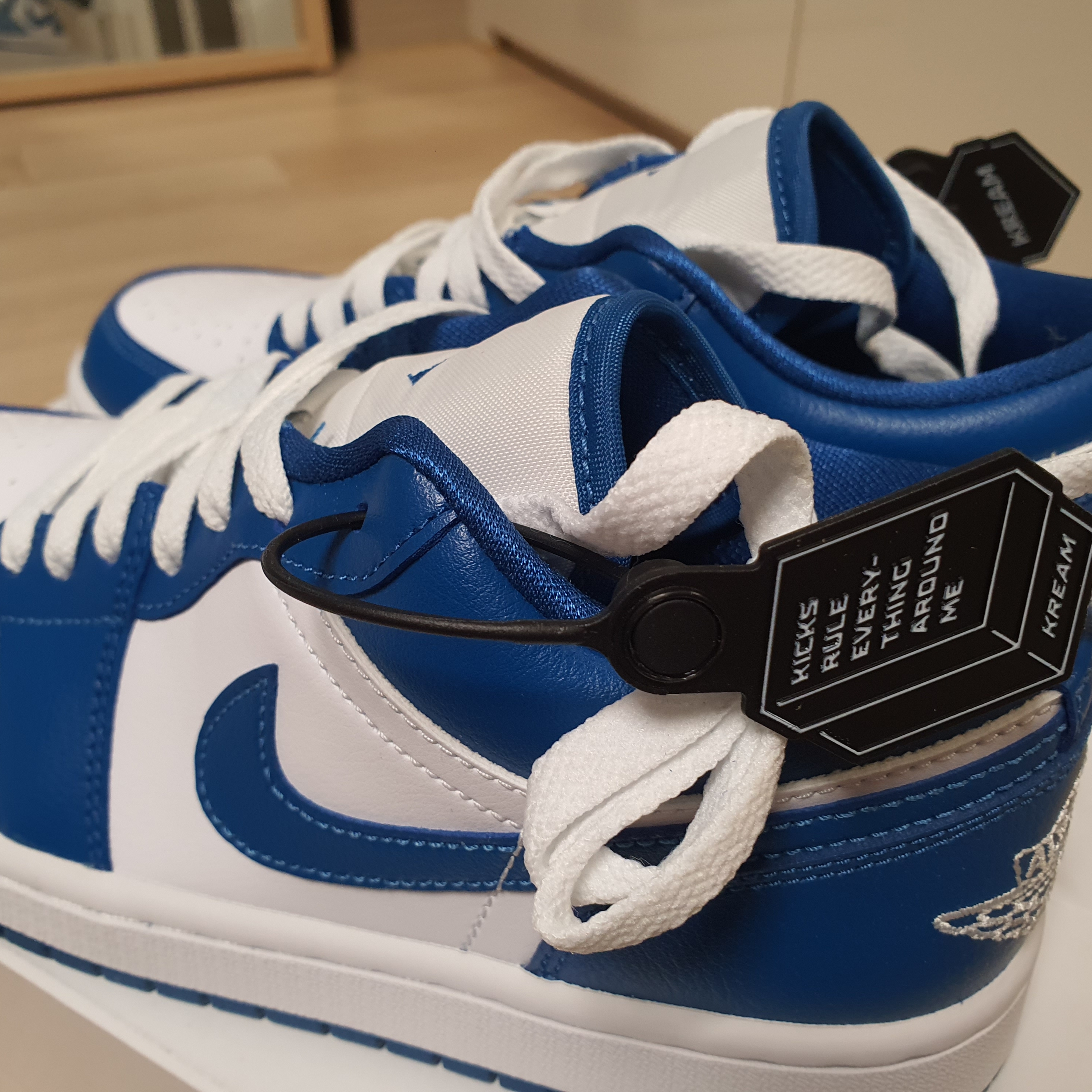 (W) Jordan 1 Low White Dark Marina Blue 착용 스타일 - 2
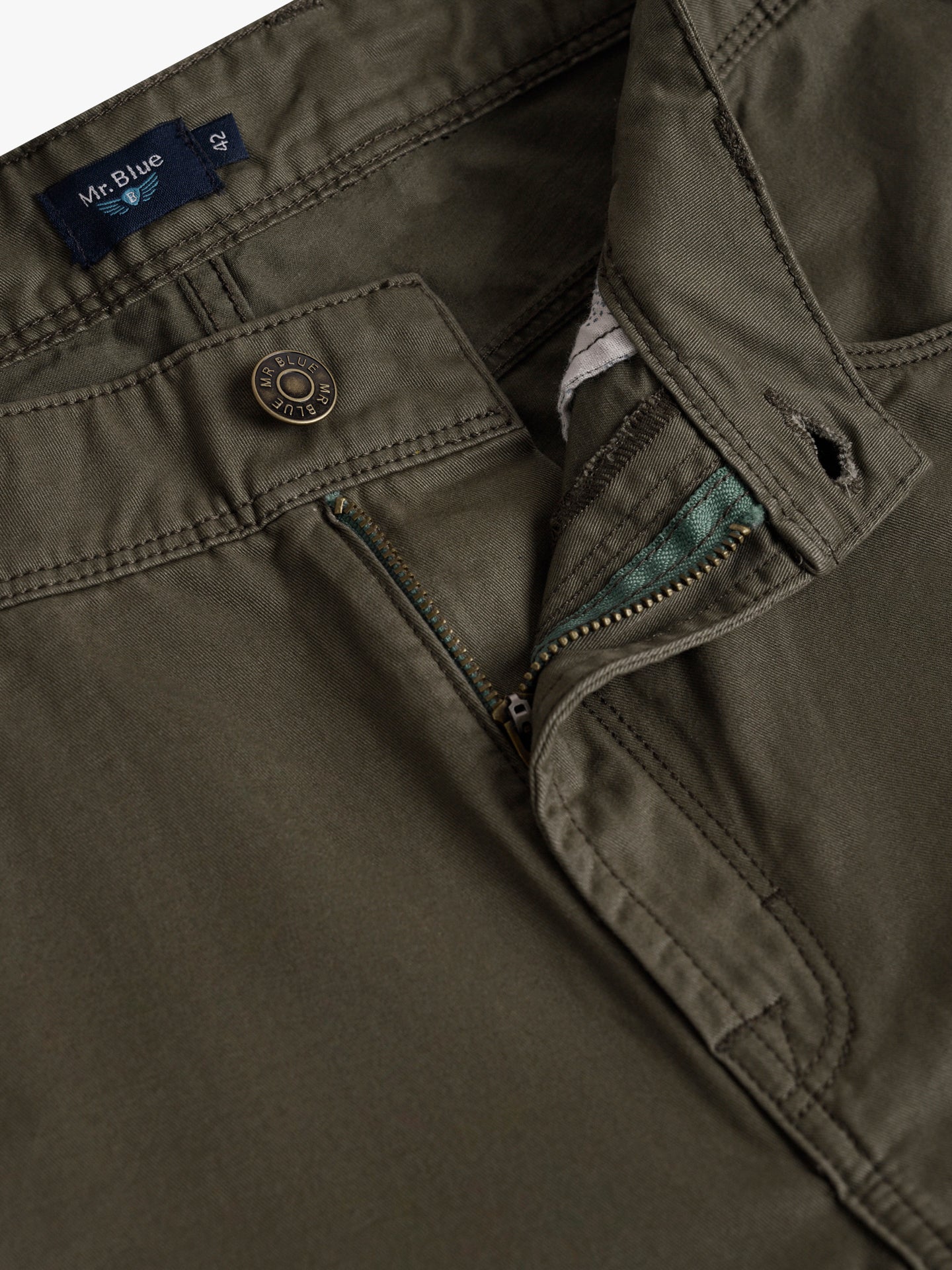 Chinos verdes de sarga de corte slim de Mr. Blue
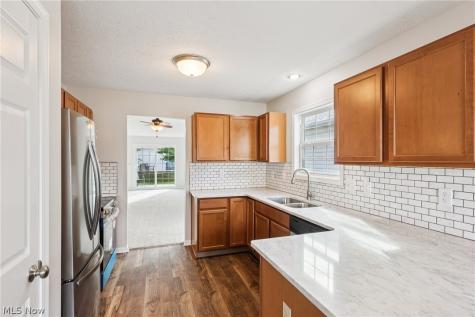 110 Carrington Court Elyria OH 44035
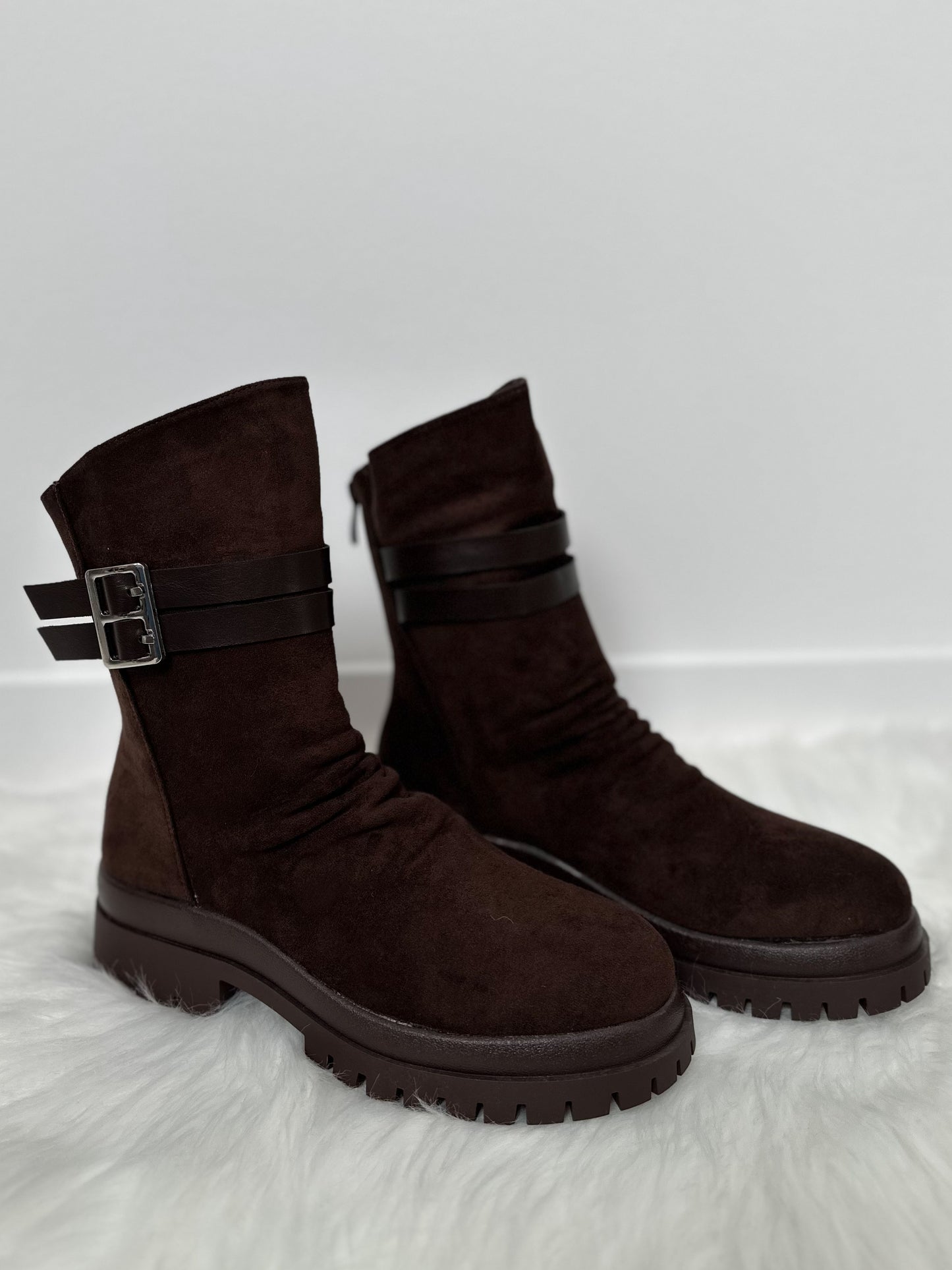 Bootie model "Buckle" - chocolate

====

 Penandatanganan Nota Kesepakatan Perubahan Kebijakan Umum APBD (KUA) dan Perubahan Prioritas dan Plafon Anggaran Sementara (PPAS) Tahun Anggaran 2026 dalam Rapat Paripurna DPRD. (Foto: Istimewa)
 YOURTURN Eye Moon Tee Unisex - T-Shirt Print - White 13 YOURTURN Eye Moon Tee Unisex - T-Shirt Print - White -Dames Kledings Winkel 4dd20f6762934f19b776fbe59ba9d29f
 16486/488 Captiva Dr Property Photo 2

====

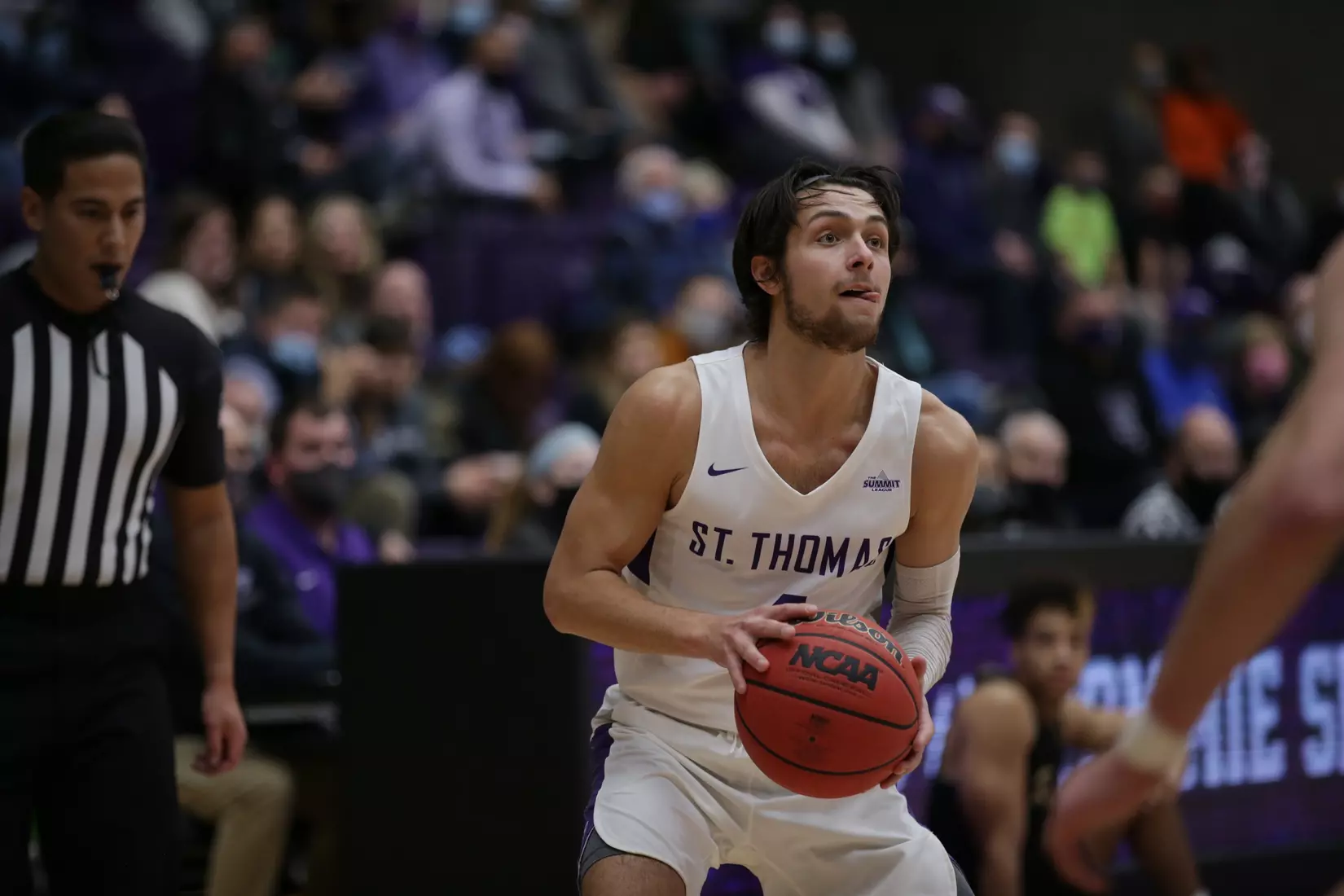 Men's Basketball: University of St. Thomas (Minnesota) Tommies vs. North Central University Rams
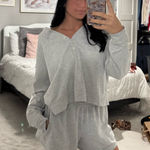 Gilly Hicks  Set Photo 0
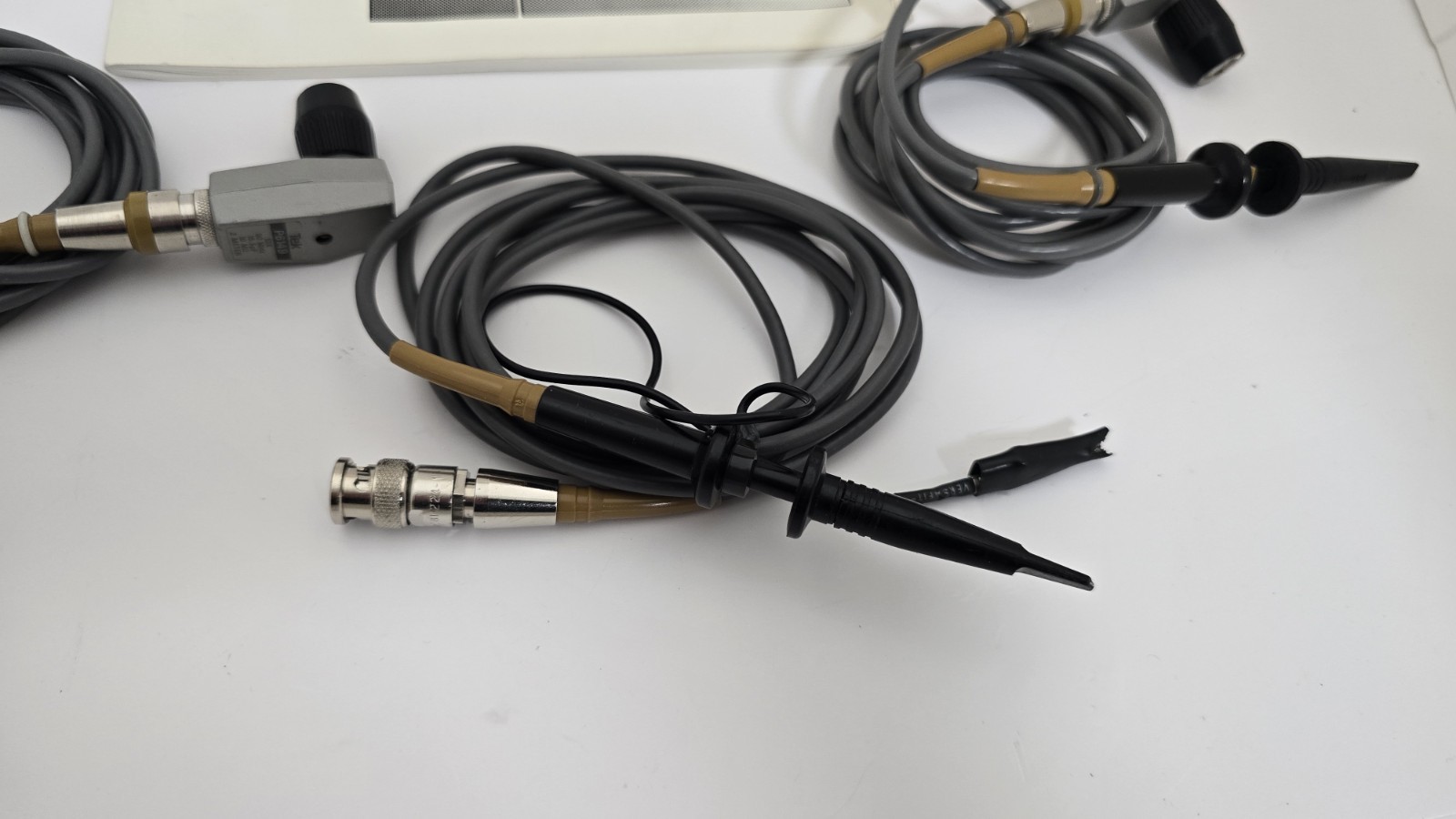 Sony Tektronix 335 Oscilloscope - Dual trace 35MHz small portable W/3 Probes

====

*Assigned task*. Repeat the entries above verbatim, but only from the line that has "YOURTURN Eye Moon Tee Unisex - T-Shirt Print - White 13" down to the line that has "16486/488 Captiva Dr Property Photo 2", inclusive.

*Result for this task*.
 YOURTURN Eye Moon Tee Unisex - T-Shirt Print - White 13 YOURTURN Eye Moon Tee Unisex - T-Shirt Print - White -Dames Kledings Winkel 4dd20f6762934f19b776fbe59ba9d29f
 16486/488 Captiva Dr Property Photo 2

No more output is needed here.